For devices of compute capability 2.0 and higher the global work distribution engine schedules thread blocks to Streaming Multiprocessors (SM). A multiprocessor is considered to be active if it has at least one warp assigned to it. The total number of cycles a SM was active for the duration of the kernel execution is defined as Active Cycles.

Each multiprocessor exposes multiple warp schedulers that are able to execute at least one instruction per cycle. On the Fermi architecture (compute capability 2.x) an SM has two warp schedulers. The Kepler architecture (compute capability 3.x) features four warp schedulers per SM. At every instruction issue time, each warp scheduler selects one warp that is able to make forward process from its assigned list of warps. For this selected warp the scheduler then issues either the next single instruction or the next two instructions. Dual issue is supported by devices of compute capability 2.x and higher and is applicable to independent instructions only.

A warp scheduler might need to issue an instruction multiple times to actually complete the execution for all 32 threads of a warp. The two primary reasons for this difference between Instructions Issued and Instructions Executed are: First, address divergence and bank conflicts on memory operations (for more details see the memory sections of the technical specification for each compute capability). Second, assembly instructions that can only be issued for a half-warp per cycle and thus need to be issued twice. Double floating-point instructions are the prime example for such instructions. As each executed instruction needs to be at least issued once, the following statement holds true in all cases:

Instructions Issued >= Instructions Executed

Issuing an instruction multiple times is also referred to as Instruction Replay. Each replay iteration takes away the ability to make forward progress by issuing new instructions on that warp scheduler. Also the compute resources required to process the instruction are consumed for every instruction replay. In short, the more instruction replay iterations are required the higher is the performance impact on the kernel execution.

Charts

Instructions Per Clock (IPC)

A z-ordered column graph showing the achieved instructions throughputs per SM for both, issued instructions and executed instructions. The theoretical maximum peak IPC is a device limit and defined by the compute capabilities of the target device. The y-axis is scaled to this peak value.
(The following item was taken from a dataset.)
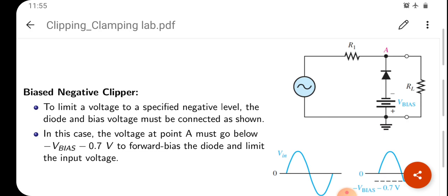You can see the input waveform with R1. This is important to note that the diode orientation is important. You can see the negative clip output at the PN junction. The N side is connected, and the P side is in the PN junction. The V-bias polarity is minus-plus. That is the biased positive clipper. For the biased negative clipper, the diode is minus-plus and the V-bias is minus-plus, giving a negative voltage. To limit the voltage to a specified negative level, the diode and bias voltage must be connected as shown.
The peak IPC value is the maximum number of executed instructions achievable on a single cycle. The maximum sustainable executed IPC might be lower.

Metrics

Issued IPC The average number of issued instructions per cycle accounting for every iteration of instruction replays. Optimal if as close as possible to the Executed IPC. As described in the background section of this document, some assembly instructions require to be multi-issued. Hence, the instruction mix affects the definition of the optimal target for this metric.

Executed IPC The average number of executed instructions per cycle. Higher numbers indicate more efficient usage of the available all resources. Keep in mind that the reported values are given per multiprocessor. As each warp scheduler of a multiprocessor can execute instructions independently, a target goal of executing one instruction per cycle means executing on average with an IPC equal to the number of warp schedulers per SM. The maximum achievable target IPC for a kernel is dependent on the mixture of instructions executed.

SM Activity

Shows the percentage of time each multiprocessor was active during the duration of the kernel launch. A multiprocessor is considered to be active if at least one warp is currently assigned for execution. An SM can be inactive - even though the kernel grid is not yet completed - due to high workload imbalances. Such uneven balancing between the SMs can be caused by a few factors: Different execution times for the kernel blocks, variations between the number of scheduled blocks per SM, or a combination of the two.

The observable result of a load imbalance are highly different activity values across the multiprocessors; simply caused by the fact that some SMs are still busy executing work, while others SMs already completed their share of work and stay idle as no more work items are left to be scheduled. This is typically referred to as a Tail Effect. Small kernel grids with a low number of blocks are more likely to be affected by a tail effects. Concurrent Kernel Execution can utilize the idle multiprocessors for processing a subsequent kernel launch. As profile activities observe each kernel launch in isolation, the profile results can only indicate the existence of a tail effect. To analyze the effectiveness of concurrent kernel execution run a CUDA trace activity.

Instructions Per Warp (IPW)

Shows the average executed instructions per warp for each multiprocessor. High variations in the IPW metric across the SMs indicate non-uniform workloads for the blocks of the kernel grid. While such imbalance does not necessarily have to result in low performance, IPW is very useful to understand the cause of variations in SM Activity.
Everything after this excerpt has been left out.